Inflammatory myofibroblastic tumor (IMT) is a disease characterized by spindle cell neoplasm composed of lymphocytes, plasma cells, and so on. IMT is rare in clinical, which mainly located in the lungs. IMT has been defined by many different names, including inflammatory pseudotumor (IPT) and plasma cell granuloma, highlighting the complexity and variable histological characteristics of these tumors. Pettinato and colleagues in 1990 first put forward the concept of inflammatory myofibroblastic tumor (IMT) [2]. In the 2002, World Health Organization (WHO) classification of soft tissue tumors, these lesions were renamed [3].
The etiology of these ‘tumors’ is not certain and the current acquaintance of the pathophysiology of this disease is based on an abnormal response by the myofibroblast to trauma, tissue injury, surgery, inflammation and so on. Our patient admitted to hospital with a history of head injury in before two month age, which may be the inducing factors of this disease. Some cases have been associated with tuberculosis or malignancy as satellite lesions, and some suggested to be associated to cocaine consumption [4–6] and even by viral infection such as Epstein–Barr virus [4, 7]. There have been reported IMT in the spleen may be associated with EBV infection [8]. In addition, there are scholars believe that abnormal autoimmune mechanism may be related to the occurrence of a muscle fiber mother cell tumor. Plasma cell granuloma might be responsible for the immunological abnormalities because symptom of plasma cell granuloma was resolved as soon as the tumor was removed [9, 10]. Recent studies have confirmed that the chromosome 2p23 of IMT case is rearrangement, which hints the of the monoclonal hyperplasia characteristics of IMT and supports this lesion as true tumor rather than inflammatory pseudotumor [11, 12]. However, the lack of p53 detection in IMT gone with the low proliferation index (Ki67 < 10%) hints that IMT may be a low-grade tumor, if at all [13].

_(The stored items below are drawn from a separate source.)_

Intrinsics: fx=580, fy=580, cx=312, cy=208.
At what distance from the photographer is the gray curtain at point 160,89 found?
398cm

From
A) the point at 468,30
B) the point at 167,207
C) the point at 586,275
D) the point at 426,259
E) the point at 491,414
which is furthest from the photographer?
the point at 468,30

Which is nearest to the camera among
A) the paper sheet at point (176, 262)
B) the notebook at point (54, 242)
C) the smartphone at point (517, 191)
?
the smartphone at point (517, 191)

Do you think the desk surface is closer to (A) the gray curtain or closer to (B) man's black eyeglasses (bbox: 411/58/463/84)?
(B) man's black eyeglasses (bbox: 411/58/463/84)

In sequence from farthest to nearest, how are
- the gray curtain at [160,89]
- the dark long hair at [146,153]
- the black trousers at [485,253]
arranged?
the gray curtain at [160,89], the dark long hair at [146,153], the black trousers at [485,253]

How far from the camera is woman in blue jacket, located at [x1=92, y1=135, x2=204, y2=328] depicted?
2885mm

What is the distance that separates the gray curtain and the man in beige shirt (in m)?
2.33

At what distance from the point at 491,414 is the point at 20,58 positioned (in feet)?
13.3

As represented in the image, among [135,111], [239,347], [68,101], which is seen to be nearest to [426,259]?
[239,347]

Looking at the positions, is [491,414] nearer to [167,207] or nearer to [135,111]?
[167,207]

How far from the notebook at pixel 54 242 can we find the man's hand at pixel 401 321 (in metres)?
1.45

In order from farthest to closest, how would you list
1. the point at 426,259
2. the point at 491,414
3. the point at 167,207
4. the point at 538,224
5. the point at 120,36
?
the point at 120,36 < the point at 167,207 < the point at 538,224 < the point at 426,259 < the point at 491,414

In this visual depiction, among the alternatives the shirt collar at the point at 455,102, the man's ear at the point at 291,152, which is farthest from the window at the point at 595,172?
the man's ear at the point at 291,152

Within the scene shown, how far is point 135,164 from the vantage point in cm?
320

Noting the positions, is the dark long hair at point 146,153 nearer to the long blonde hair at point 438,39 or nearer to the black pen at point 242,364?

Making a diagnosis of IMT requires a histopathological examination because the radiological and clinical findings are generally nonspecific [1]. Research suggests electron microscopic observation is special. Under the electron microscope, this tumor cells are of ultra microstructure characteristics of fibroblast and myofibroblast cell, show the bipolar or irregular cellular processes, well-differentiated rough endoplasmic reticulum, and filament bundle of the surrounding cytoplasm, discontinuous base board structures and pinocytosis vesicles surrounding cells. Immunohistochemical can assist the diagnosis to this disease. Spindle cells of IMT is performance for different degrees of positive reaction to the following antibody: vimentin, SMA, MSA (muscle-specific actin). Positive reaction of vimentin is usually very strong, but its specificity is not high, because the vimentin can be found in all normal mesenchymal tissue and most sarcoma. Specificity of SMA is good, whose positive reaction is thought to be important marker to IMT. A small part of IMT is of positive reactions to epithelial membrane antigen, CK, CD68, CD30, α-antitrypsin, α-anticoagulant protease or melting bacteria enzymes, and so on, but no specificity to diagnosis [14]. This case was proved as IMT by immunohistochemical staining with Vim+, SMA+, actin+, desmin (partly cells +).

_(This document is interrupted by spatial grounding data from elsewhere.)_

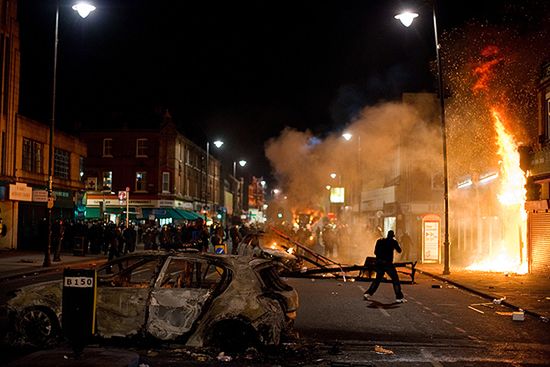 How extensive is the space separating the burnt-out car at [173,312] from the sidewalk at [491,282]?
6.74 metres

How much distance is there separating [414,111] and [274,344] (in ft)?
97.7

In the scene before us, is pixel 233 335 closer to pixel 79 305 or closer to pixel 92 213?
pixel 79 305

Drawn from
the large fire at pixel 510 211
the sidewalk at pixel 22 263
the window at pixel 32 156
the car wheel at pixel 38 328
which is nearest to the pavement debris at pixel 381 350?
the car wheel at pixel 38 328

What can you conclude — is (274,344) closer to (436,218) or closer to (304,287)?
(304,287)

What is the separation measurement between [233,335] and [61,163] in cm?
3046

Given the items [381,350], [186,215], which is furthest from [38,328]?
[186,215]

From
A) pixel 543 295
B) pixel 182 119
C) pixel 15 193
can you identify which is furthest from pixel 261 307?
pixel 182 119

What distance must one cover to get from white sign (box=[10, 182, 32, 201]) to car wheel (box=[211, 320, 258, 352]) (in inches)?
908

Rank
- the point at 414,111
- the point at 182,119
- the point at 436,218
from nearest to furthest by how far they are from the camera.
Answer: the point at 436,218
the point at 414,111
the point at 182,119

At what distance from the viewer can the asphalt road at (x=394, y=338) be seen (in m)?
7.63

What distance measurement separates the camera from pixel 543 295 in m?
15.1

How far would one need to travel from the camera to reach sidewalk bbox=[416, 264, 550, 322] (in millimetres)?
13252

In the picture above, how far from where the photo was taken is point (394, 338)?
30.4ft

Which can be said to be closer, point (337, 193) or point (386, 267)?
point (386, 267) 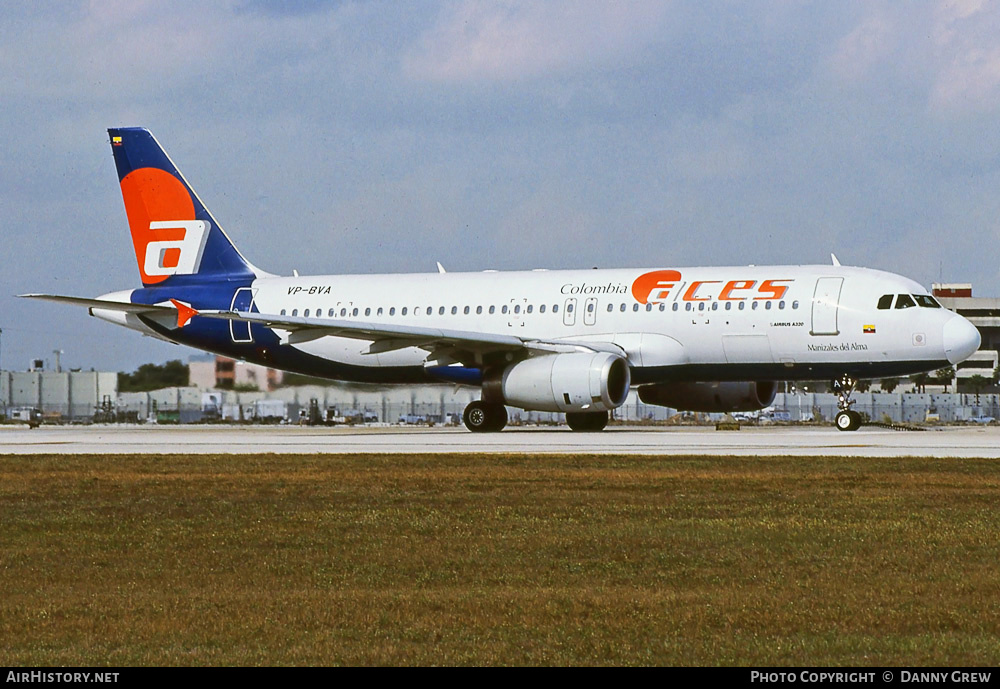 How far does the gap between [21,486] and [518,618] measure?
11193 mm

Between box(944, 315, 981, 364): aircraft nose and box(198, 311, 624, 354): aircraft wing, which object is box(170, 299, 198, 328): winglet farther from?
box(944, 315, 981, 364): aircraft nose

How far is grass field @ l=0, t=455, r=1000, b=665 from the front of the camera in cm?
834

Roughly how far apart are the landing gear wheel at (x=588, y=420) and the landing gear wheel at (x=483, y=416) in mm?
2218

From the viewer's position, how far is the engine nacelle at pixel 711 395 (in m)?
37.8

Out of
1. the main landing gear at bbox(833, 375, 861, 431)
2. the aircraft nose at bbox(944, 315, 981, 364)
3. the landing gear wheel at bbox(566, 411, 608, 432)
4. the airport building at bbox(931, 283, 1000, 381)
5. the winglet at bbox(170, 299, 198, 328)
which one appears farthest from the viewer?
the airport building at bbox(931, 283, 1000, 381)

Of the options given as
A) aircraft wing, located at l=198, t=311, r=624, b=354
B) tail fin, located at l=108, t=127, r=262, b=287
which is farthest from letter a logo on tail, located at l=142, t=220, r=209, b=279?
aircraft wing, located at l=198, t=311, r=624, b=354

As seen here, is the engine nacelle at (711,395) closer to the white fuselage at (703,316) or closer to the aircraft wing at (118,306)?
the white fuselage at (703,316)

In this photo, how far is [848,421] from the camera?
116ft

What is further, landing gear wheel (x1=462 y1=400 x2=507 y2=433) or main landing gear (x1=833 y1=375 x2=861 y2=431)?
landing gear wheel (x1=462 y1=400 x2=507 y2=433)

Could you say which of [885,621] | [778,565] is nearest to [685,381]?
[778,565]

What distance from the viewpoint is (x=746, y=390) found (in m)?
37.8

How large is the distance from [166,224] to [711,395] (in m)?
16.6

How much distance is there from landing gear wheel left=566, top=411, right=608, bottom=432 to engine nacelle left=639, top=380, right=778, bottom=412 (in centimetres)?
123

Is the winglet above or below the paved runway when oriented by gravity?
above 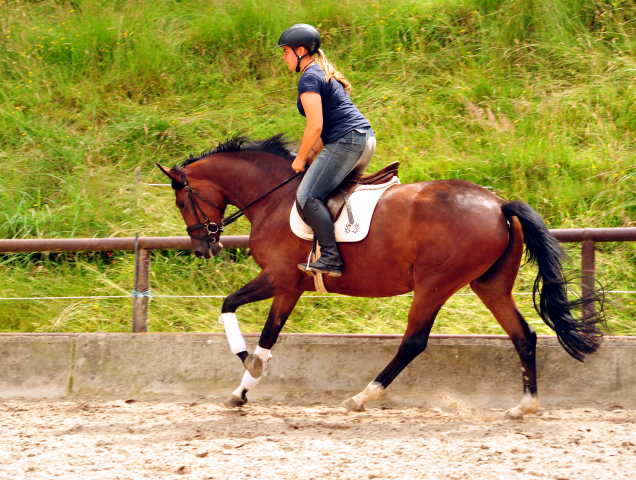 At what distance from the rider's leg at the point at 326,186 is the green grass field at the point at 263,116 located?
5.07ft

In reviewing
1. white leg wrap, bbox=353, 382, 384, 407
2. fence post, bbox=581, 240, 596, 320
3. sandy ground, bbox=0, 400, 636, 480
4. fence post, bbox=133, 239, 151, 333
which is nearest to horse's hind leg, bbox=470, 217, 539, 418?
sandy ground, bbox=0, 400, 636, 480

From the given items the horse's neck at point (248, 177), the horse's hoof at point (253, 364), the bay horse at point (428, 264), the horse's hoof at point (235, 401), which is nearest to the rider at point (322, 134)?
the bay horse at point (428, 264)

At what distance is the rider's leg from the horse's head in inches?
33.8

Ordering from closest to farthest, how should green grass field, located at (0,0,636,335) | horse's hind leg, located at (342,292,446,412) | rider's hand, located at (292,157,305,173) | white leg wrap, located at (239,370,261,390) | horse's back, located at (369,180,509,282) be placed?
horse's back, located at (369,180,509,282), horse's hind leg, located at (342,292,446,412), rider's hand, located at (292,157,305,173), white leg wrap, located at (239,370,261,390), green grass field, located at (0,0,636,335)

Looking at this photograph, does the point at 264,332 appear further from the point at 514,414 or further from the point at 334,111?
the point at 514,414

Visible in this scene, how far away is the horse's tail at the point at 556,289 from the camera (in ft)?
13.6

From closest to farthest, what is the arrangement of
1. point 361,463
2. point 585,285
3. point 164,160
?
point 361,463, point 585,285, point 164,160

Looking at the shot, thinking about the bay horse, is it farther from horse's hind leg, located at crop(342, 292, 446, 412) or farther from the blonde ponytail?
the blonde ponytail

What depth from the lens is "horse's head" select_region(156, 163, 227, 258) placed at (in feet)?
15.6

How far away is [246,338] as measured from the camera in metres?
5.06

Steroids have been used to treat unresectable lesions and got some success. Other medical treatment choice, however, are less effective, including radiotherapy and/or adjuvant chemotherapy and treatment with immunosuppressive and anti-inflammatory drugs. Treated with high-dose corticosteroid anti-inflammatory drug, some patients symptoms can subside, but withdrawal symptoms once drug discontinuance. Methotrexate, azathioprine, vinca alkaloids, cyclophosphamide and cyclosporine have been used; however, the response is variable and often poor [15–18]. Fumiko et al. report a successful treatment case of an unresectable inflammatory myofibroblastic tumor of the frontal bone by methotrexate and cyclooxygenase-2 inhibitor [1]. In summary to the existing literature, there is a consensus that total surgical excision is the most effective therapeutic option in cases in which the tumors are surgically accessible.
Our patient received only surgical excision therapy. This patient got a good postoperative outcome with no recurrent signs according to follow-up MR imaging for about one year. However, it must be carefully observed especially for recurrent signs of the tumor.